The reason runAsync exists is that operations run inside a Factor should be brief and blocking. While processing a message, you can think of that message as having an exclusive lock to see and update the state of the actor. In Factor, the messages are pieces of runnable code. But if that code makes a non-blocking asynch call and then exists the message handler, its forfeited its right to update the actor state when the async call comes back.

I know its unfashionable to advise synchronous code in 2018, but the reality is that the Actor model is built on an requirement that message processing is synchronous.

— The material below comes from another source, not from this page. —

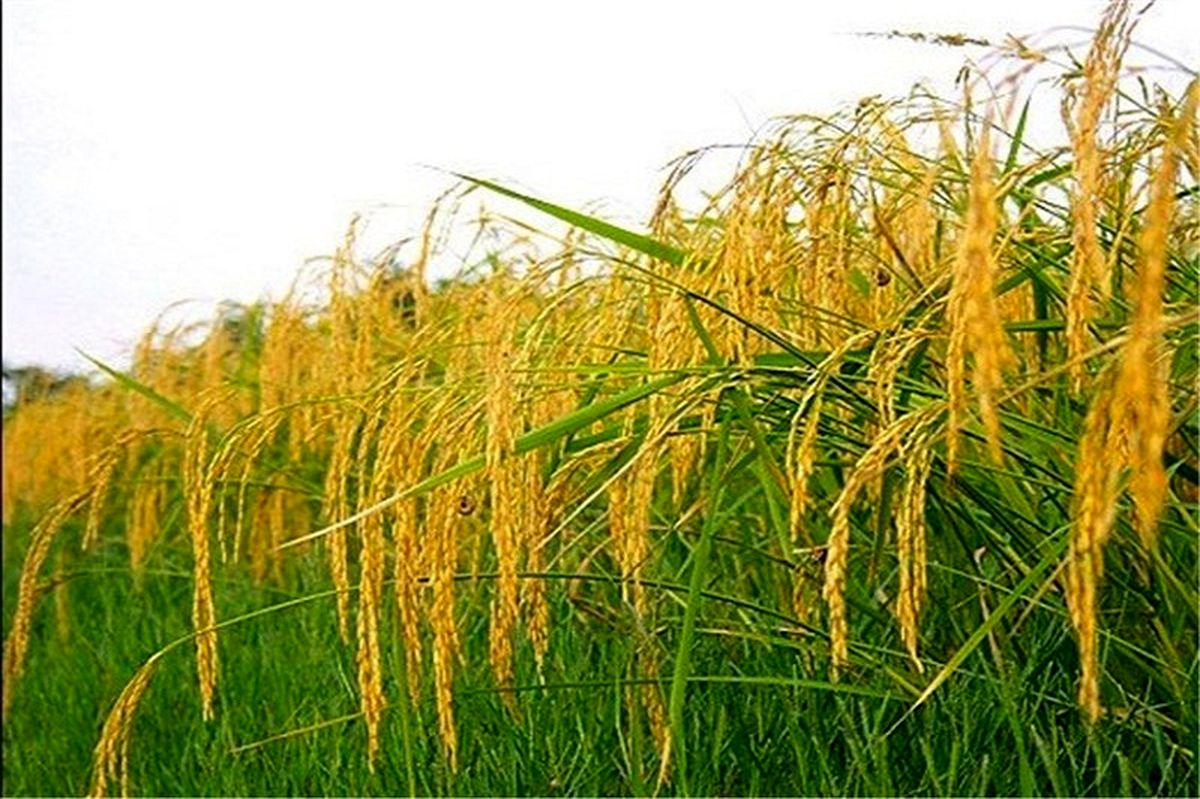 پرورش ۸۰ هزارهکتار راتون در گیلان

Factor & Classic Actors Compared

Compared to classic actors, Factor takes a different position on encapsulation & data hiding. Factor exposes the state of its actors as a core feature of the programming model. This supports the capability to send mobile code from afar into a factor to be run.

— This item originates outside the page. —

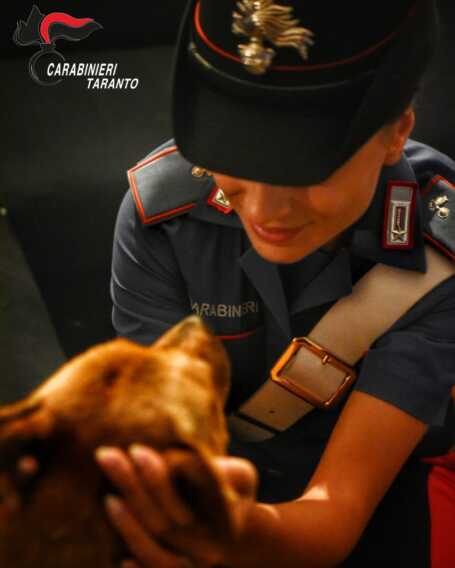 Galleria foto 'La cagnolina Fiammetta maltrattata e presa a calci a Martina Franca: salvata e adottata dai carabinieri' - foto 1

In contrast, classic actors follow the object-oriented tradition of hiding the state of actors away and exposing only a set of messages, to indirectly manipulate the state.

factors-vs-actors

Over the past 30 years or so, much has been written of the benefits of encapsulation; too much perhaps, so that the costs of encapsulation have seen too little recognition or discussion. My own background started in object-oriented Java, and the need for encapsulation had been drummed into me for years. I distinctly remember being quite surprised when I first studied Haskell, that idiomatic Haskell programming style chose exposed- over encapsulated- data, and what's more, they seemed to get along just fine!

So what are the trade offs? When we encapsulate, we protect ourselves against the unstable or untrusted outside world. But this comes at the cost of maintaining a hidden internal state, plus an exterior API, and a means of translating messages into state changes and back again. And this is a good approach when the outside world is unstable or untrusted.

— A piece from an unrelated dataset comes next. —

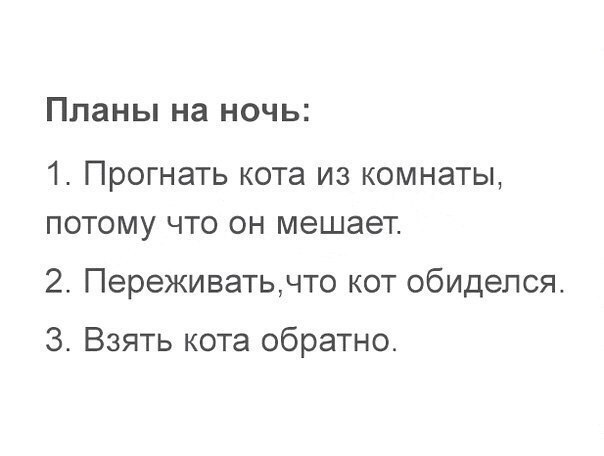 Кот - святое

But in many scenarios, we control the actor's environment ourselves. We have a system composed of many actors that we have fashioned to work together. Just as we normally wouldn't keep the interior doors in our house locked, erecting walls inside our system just adds overhead and complexity we don't want or need.

When you have a coherent system that needs to include distribution and concurrency, Factor can let your express your system's behavior more clearly and concisely. You can write all your code in one place, declaratively describe which parts should execute where, and you'll typically expend less effort on packaging and distribution overheads.

Serialization

Factor is built on top of Akka and uses it's serialization for transporting functions and data across the network. This delegates to Java's inbuilt serialization

A common gotcha when serializing functions is closing over, or capturing references to, values in the callers context that are not serializable. Lets look at a simple example of how this happens:

class NonSerializablePredicate {def isLucky(n: Int): Boolean = n != 13}
val p = new NonSerializablePredicate

system.createFactorS[Int](7, "example", anAddress).runSUpdatePure(n => if (p.isLucky(n)) n else 0)

In the closure passed to the Factor, value p has been captured and must be serialized. A runtime exception will be thrown here because p isn't Serializable.

Example

The sausage factory example shows a working Factor system.

sausage-factory

It includes unit tests and a unit-integration test which starts 3 JVMs to run the system in full distributed mode.

Note the example also uses Monocle lenses for elegant updates to immutable data

Status & Roadmap

Factor is currently an experiment. Source compatiblity may break between releases. Your feedback on the APIs or desirable features is welcome.

Once I get accumulate sufficient experience using Factor myself, and gather some feedback from other users, I intend to publish a stable version.

Features I am planning or considering adding to Factor:

  • Machine checked docs
  • Kryo as the default serialization mechanism
  • Asbtract away from IO to the Cats Effect typeclasses

Contributing

At this stage, user feedback, features requests and problem reports are particularly useful.

Contributions that are aligned with the design intent of the library are welcome. Go ahead and send PRs for minor changes, but please raise an issue first for any major feature or change.